Would you transcribe the listing that follows, character for character, and omit its images?
+++ GIVEN MATERIAL +++
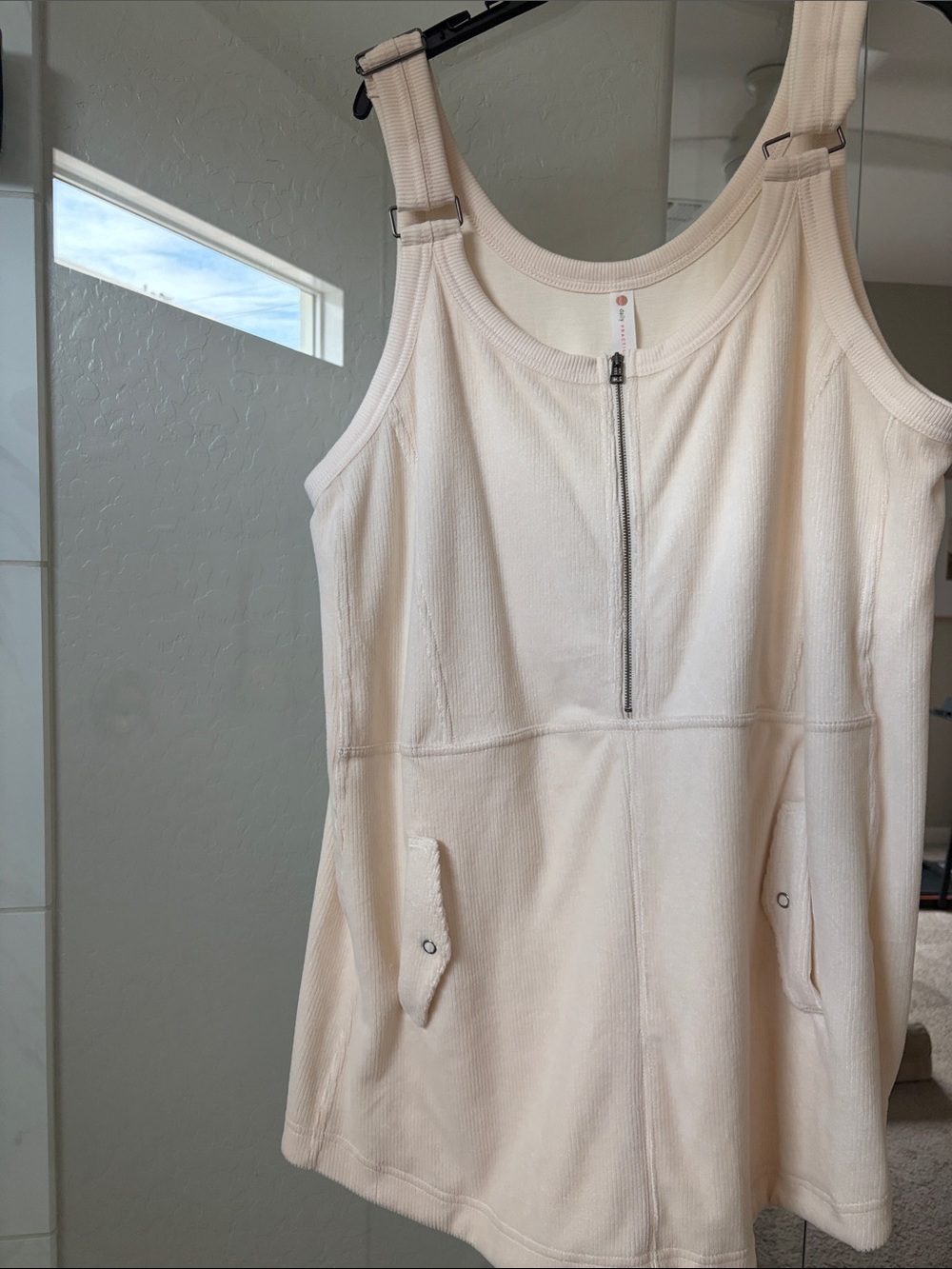 Anthropologie Daily Practice Cream Zip-Front Ribbed Dress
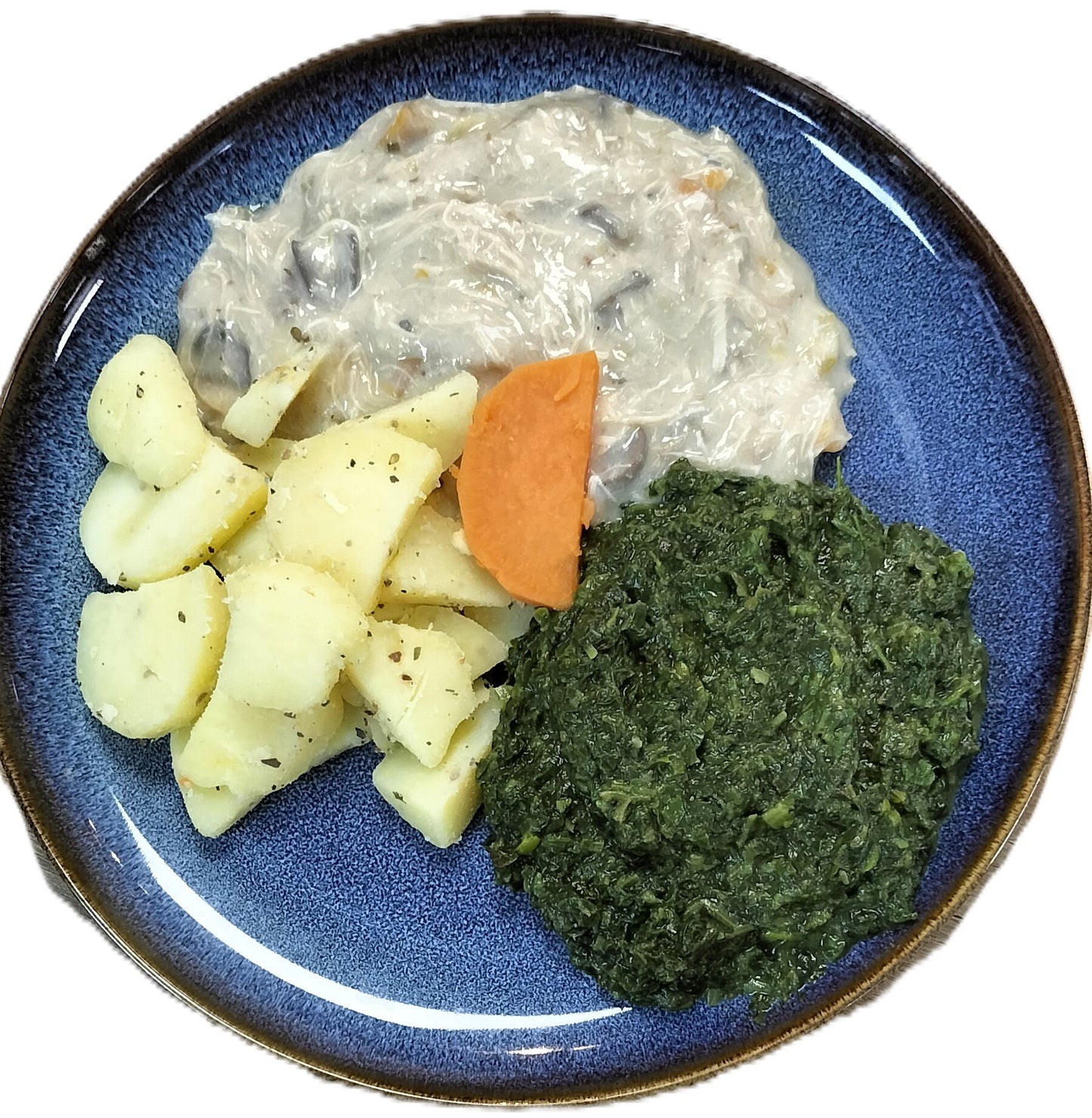 Italiaanse Kipstoof , Spinazie, aardappelschijfjes gestoomd
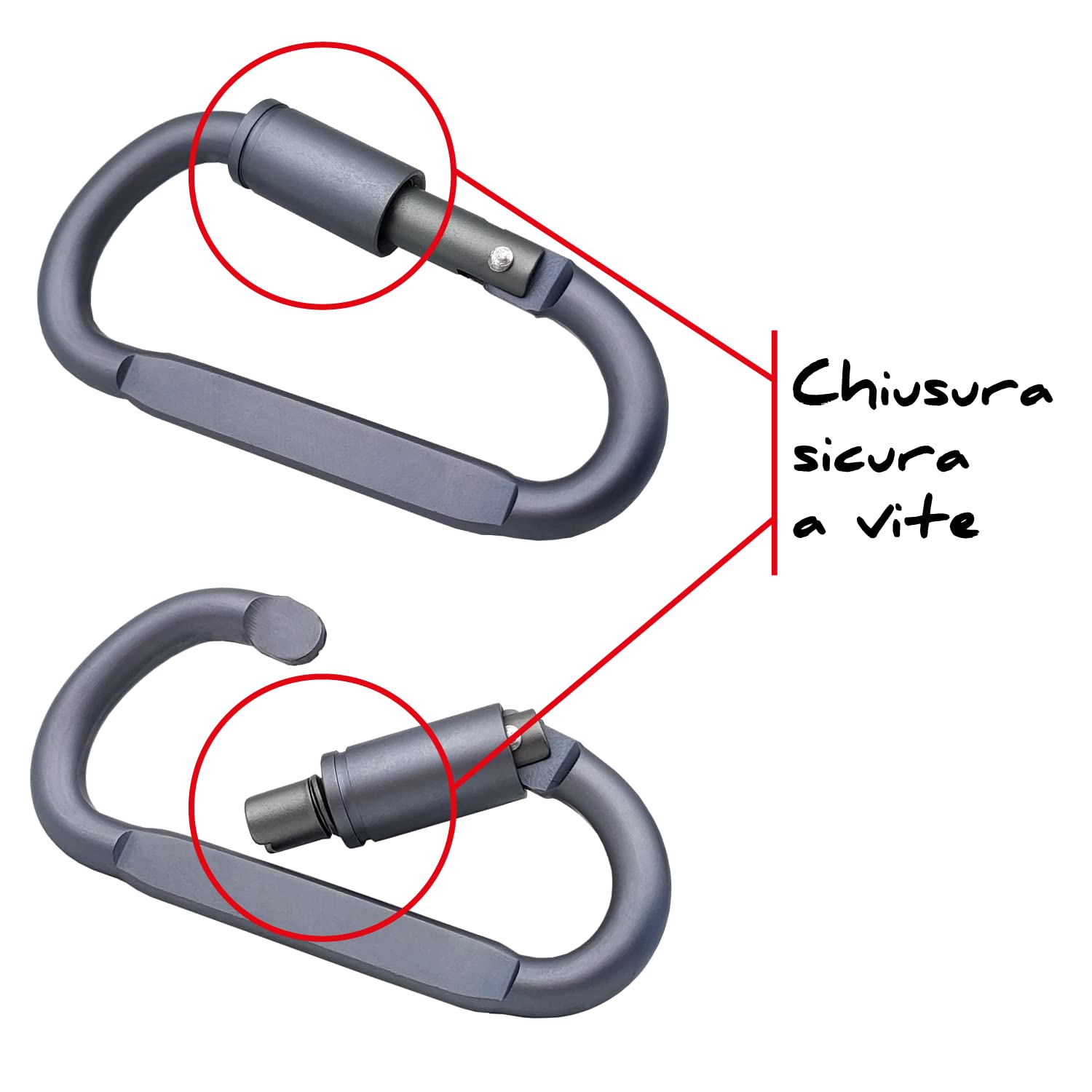 5 Moschettoni In Alluminio A D - Portachiavi Multiuso Per Outdoor E Casa - Foto 9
+++
- _EXPECTED ANSWER_
 Anthropologie Daily Practice Cream Zip-Front Ribbed Dress
 Italiaanse Kipstoof , Spinazie, aardappelschijfjes gestoomd
 5 Moschettoni In Alluminio A D - Portachiavi Multiuso Per Outdoor E Casa - Foto 9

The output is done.